(Crawled caption data)

⁂

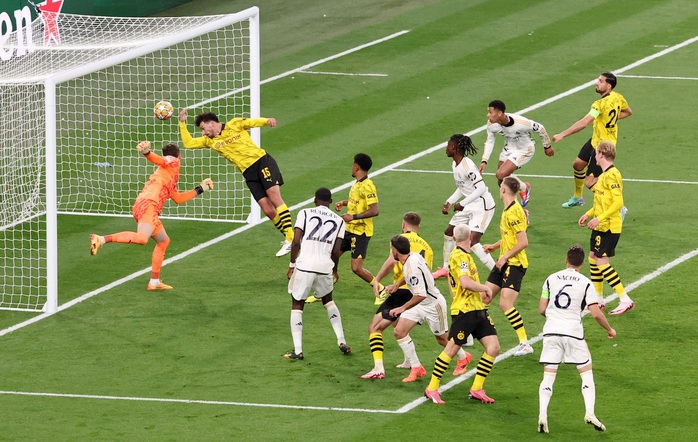 Đánh bại Dortmund, Real Madrid lập kỷ lục vô địch châu Âu- Ảnh 7. Đánh bại Dortmund, Real Madrid lập kỷ lục vô địch châu Âu- Ảnh 7.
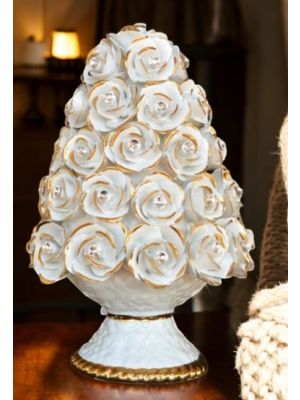 Lámpara de mesa. Cerámica de estilo barroco, decorada con rosas, cristales de Swarovski y oro.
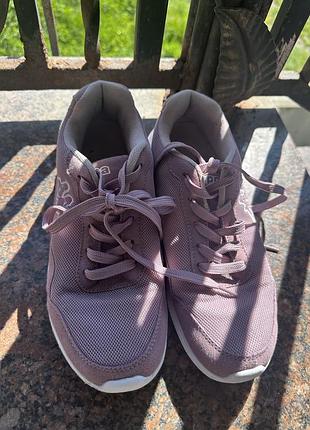 Кросівки жіночі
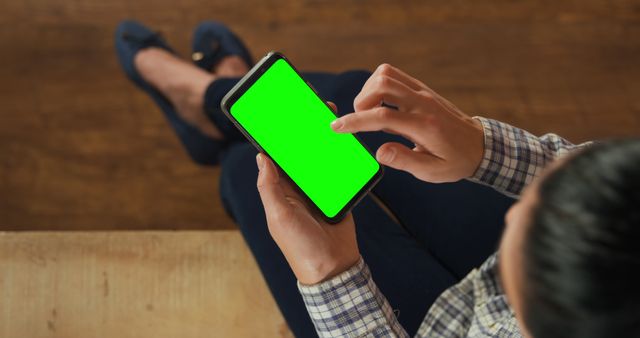 Person Using Smartphone with Green Screen Display - Download Free Stock Images Pikwizard.com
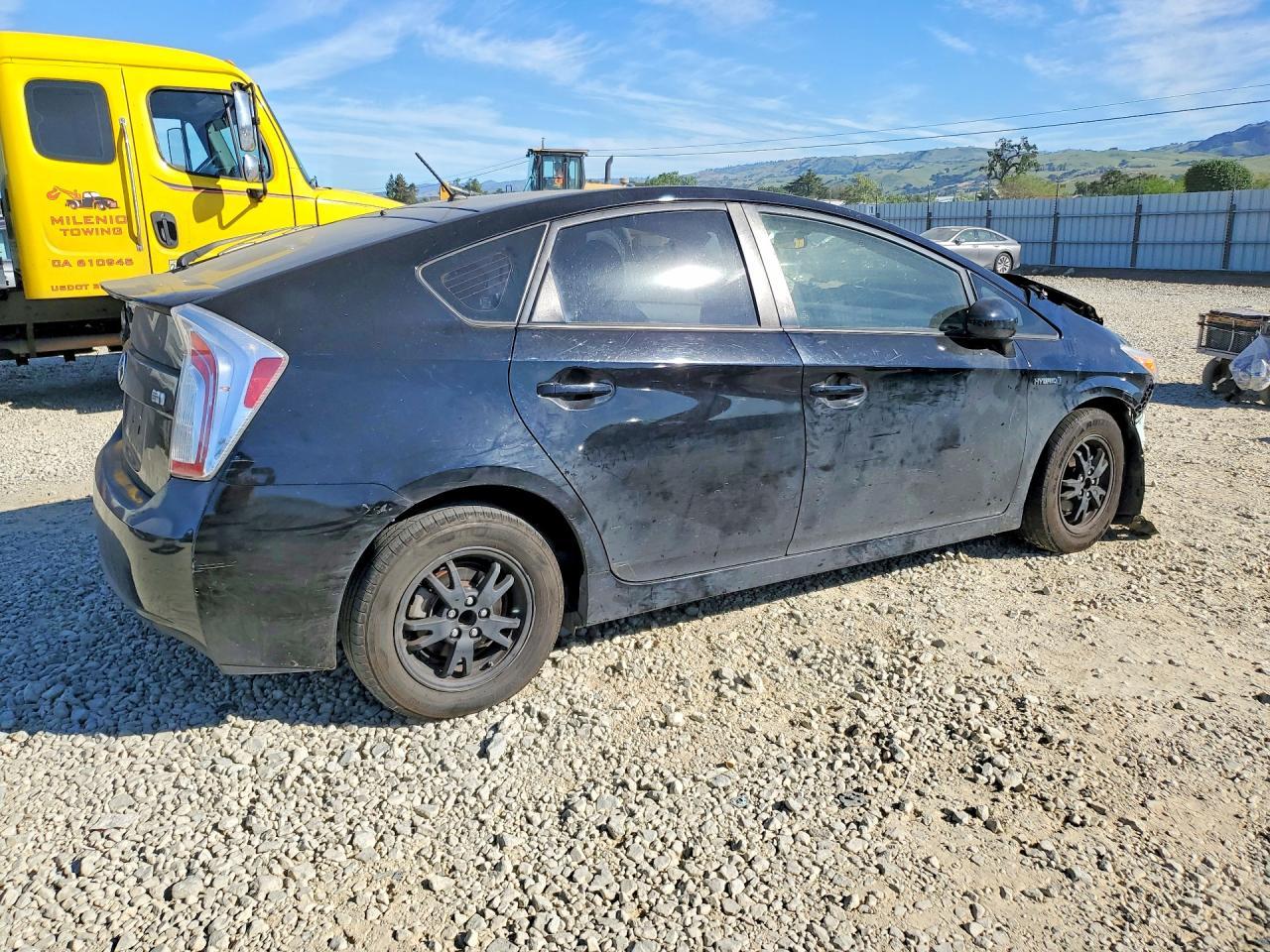 2013 Toyota Prius Two - Фото 3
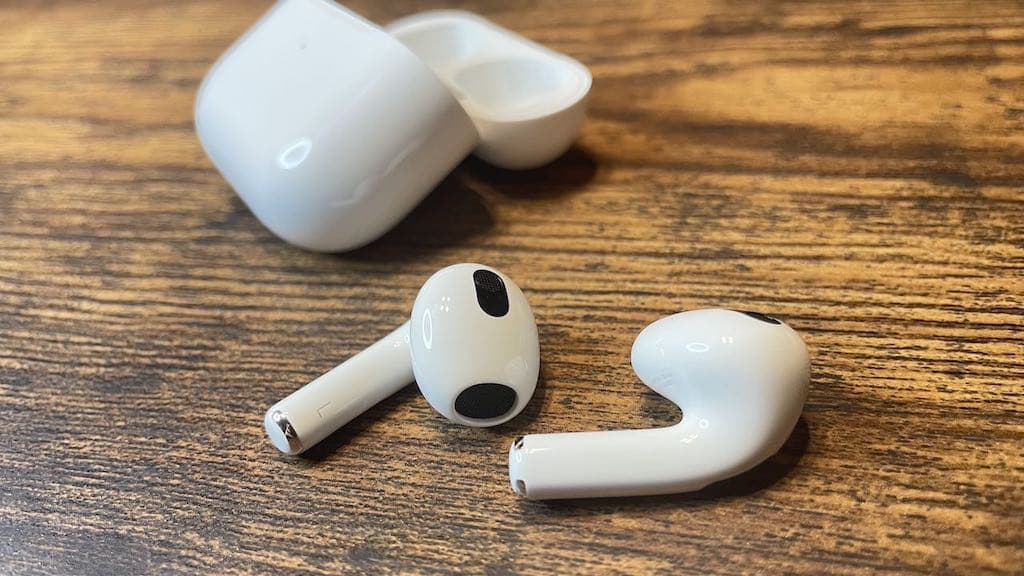 Apple：AirPods 第3世代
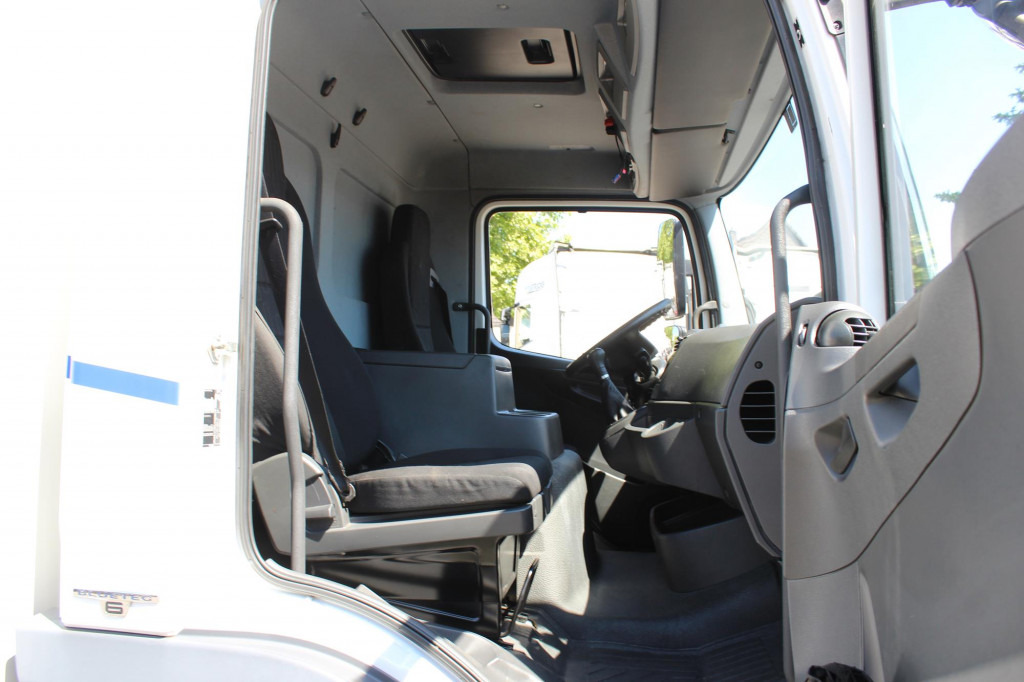Mercedes-Benz Atego 1221 E6 Koffer Klima LDW Schalter LBW - شاحنة: صورة 5 Mercedes-Benz Atego 1221 E6 Koffer Klima LDW Schalter LBW - شاحنة: صورة 5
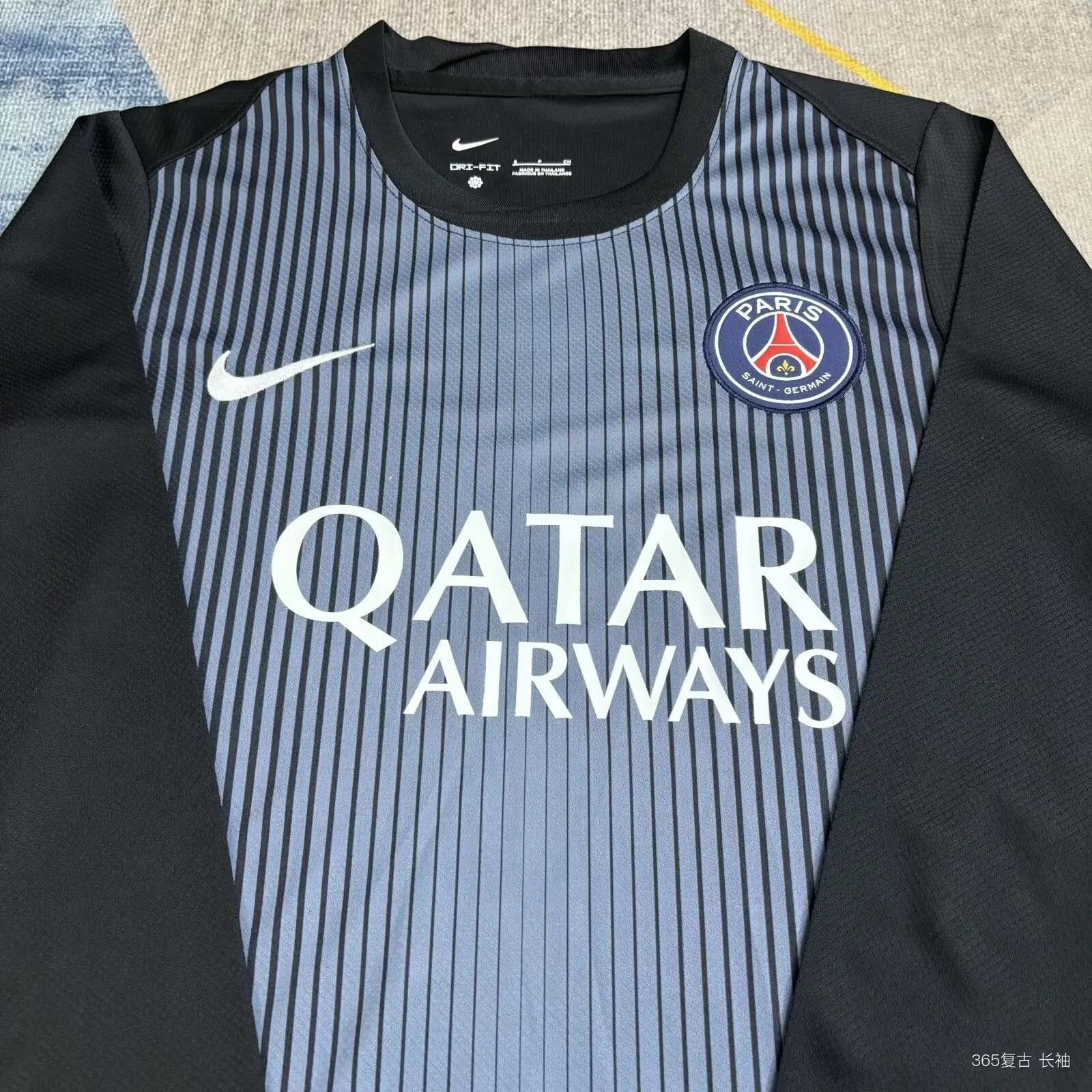 25/26 Paris Goalkeeper Long Sleeve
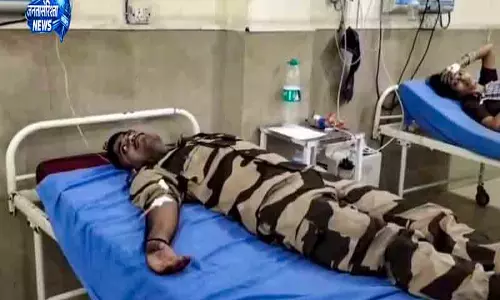 Jammu रियासी में CISF जवानों की बस हादसे का शिकार, 8 घायल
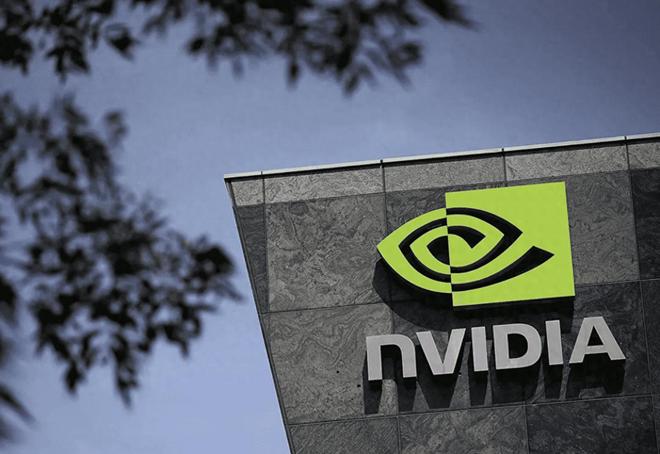 英伟达豪砸40亿押注光互联，为下一代AI工厂布局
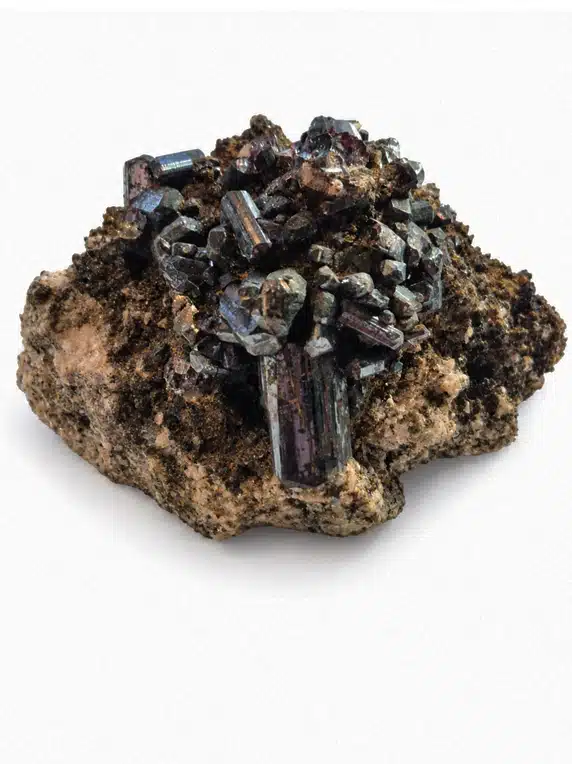 Cristaux prismatiques brun rouge à noirs, avec des faces nettes et un éclat métallique à adamantin. Les terminaisons intactes sont un atout.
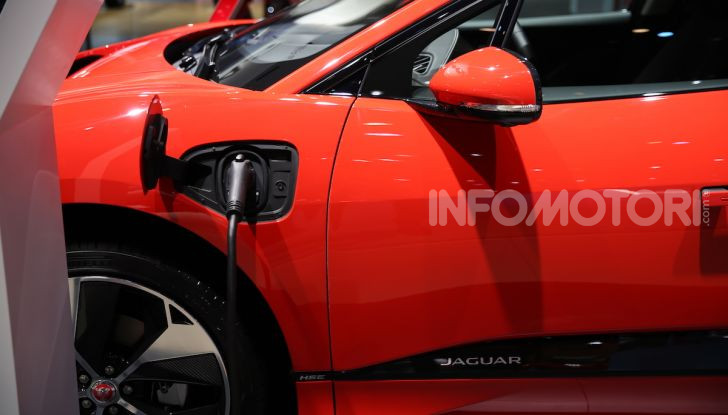 Jaguar Land Rover protagonista al Salone di Los Angeles 2018 - Foto 8 di 16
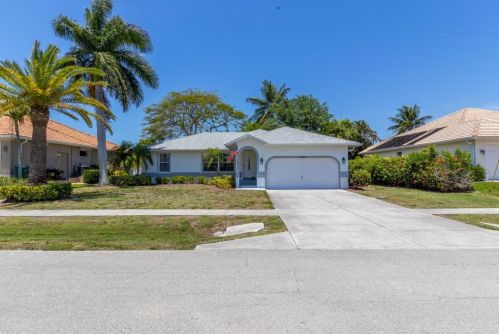 1344 Freeport Ave, Marco Island, FL 34145-3915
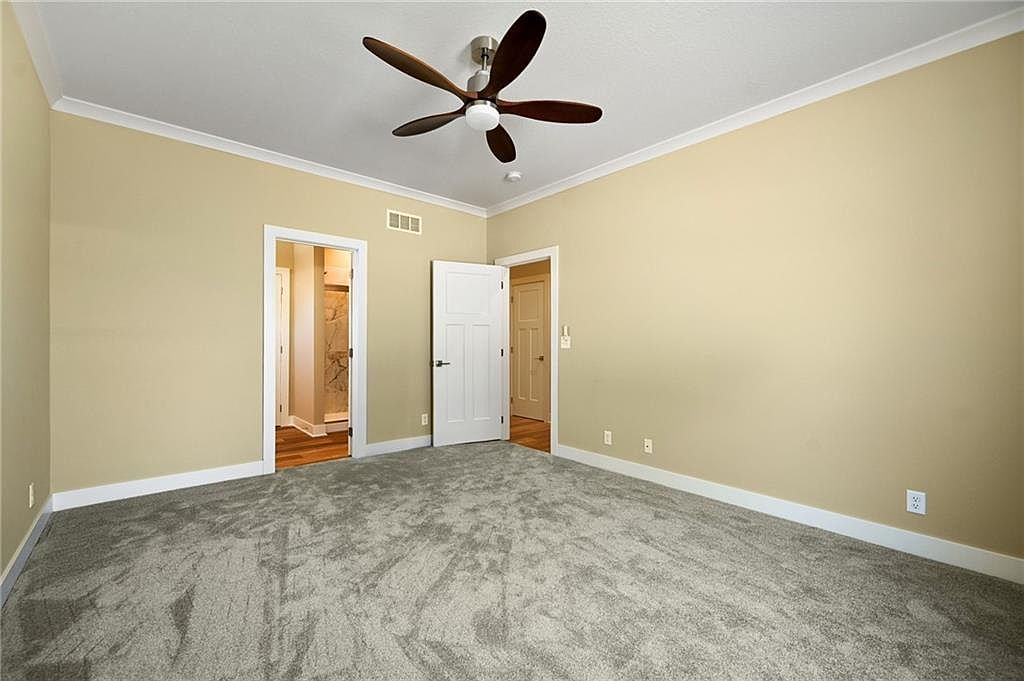 3018 TRACY AVENUE — photo 17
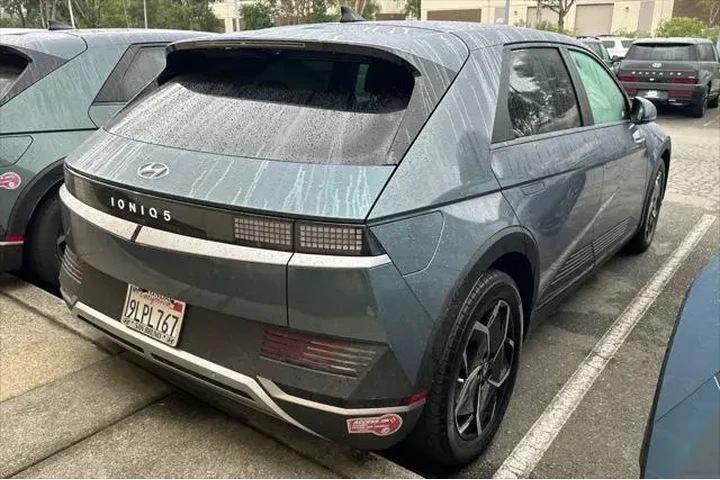 $25990 : Hyundai IONIQ 5 2024 SEL 4dr image 5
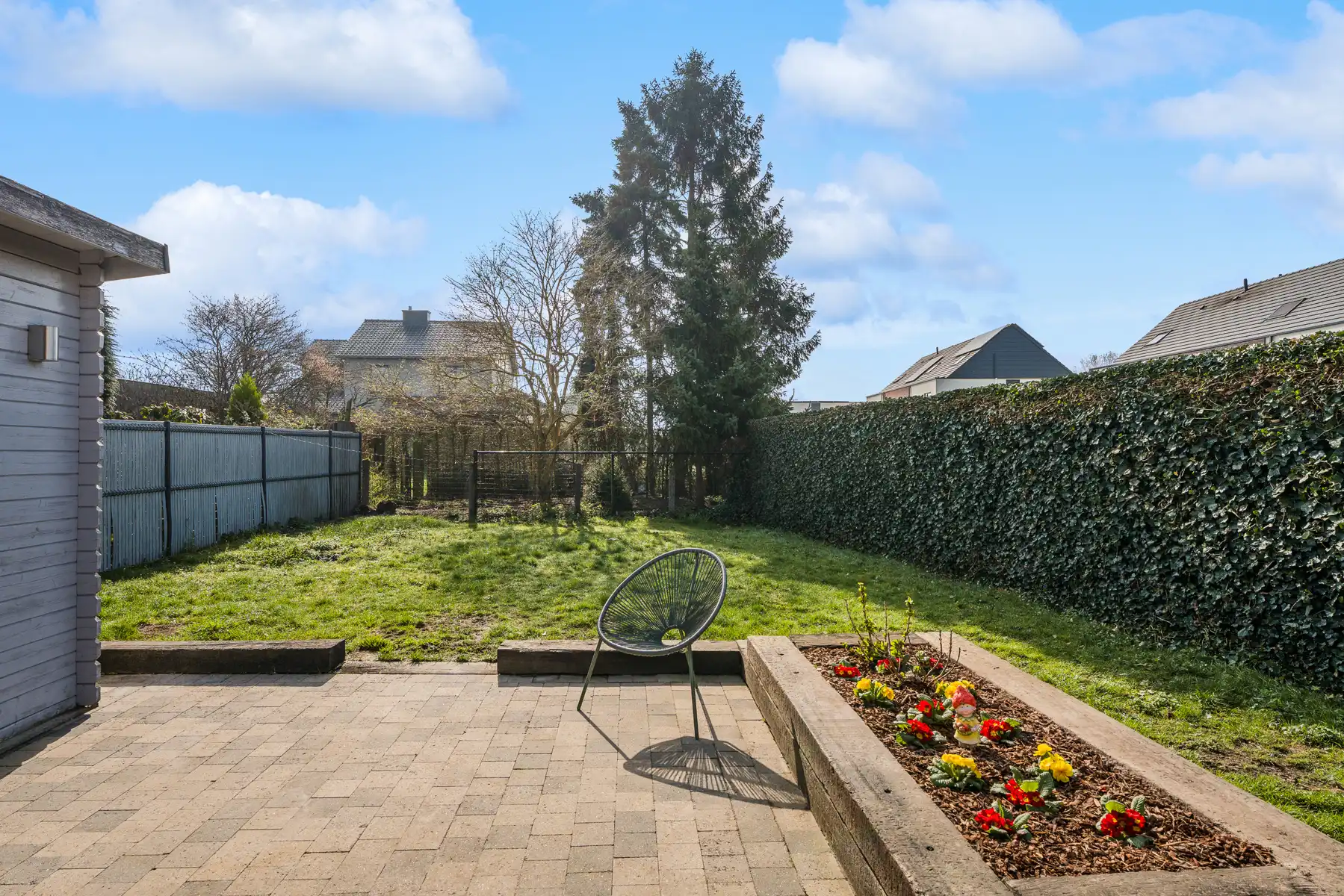 Instapklare halfopen bebouwing met zonnige tuin nabij centrum Lokeren foto 15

⁂

:: Task brief ::
Return all the data exactly, and keep the pictures out.

:: Expected answer ::
 Đánh bại Dortmund, Real Madrid lập kỷ lục vô địch châu Âu- Ảnh 7. Đánh bại Dortmund, Real Madrid lập kỷ lục vô địch châu Âu- Ảnh 7.
 Lámpara de mesa. Cerámica de estilo barroco, decorada con rosas, cristales de Swarovski y oro.
 Кросівки жіночі
 Person Using Smartphone with Green Screen Display - Download Free Stock Images Pikwizard.com
 2013 Toyota Prius Two - Фото 3
 Apple：AirPods 第3世代
Mercedes-Benz Atego 1221 E6 Koffer Klima LDW Schalter LBW - شاحنة: صورة 5 Mercedes-Benz Atego 1221 E6 Koffer Klima LDW Schalter LBW - شاحنة: صورة 5
 25/26 Paris Goalkeeper Long Sleeve
 Jammu रियासी में CISF जवानों की बस हादसे का शिकार, 8 घायल
 英伟达豪砸40亿押注光互联，为下一代AI工厂布局
 Cristaux prismatiques brun rouge à noirs, avec des faces nettes et un éclat métallique à adamantin. Les terminaisons intactes sont un atout.
 Jaguar Land Rover protagonista al Salone di Los Angeles 2018 - Foto 8 di 16
 1344 Freeport Ave, Marco Island, FL 34145-3915
 3018 TRACY AVENUE — photo 17
 $25990 : Hyundai IONIQ 5 2024 SEL 4dr image 5
 Instapklare halfopen bebouwing met zonnige tuin nabij centrum Lokeren foto 15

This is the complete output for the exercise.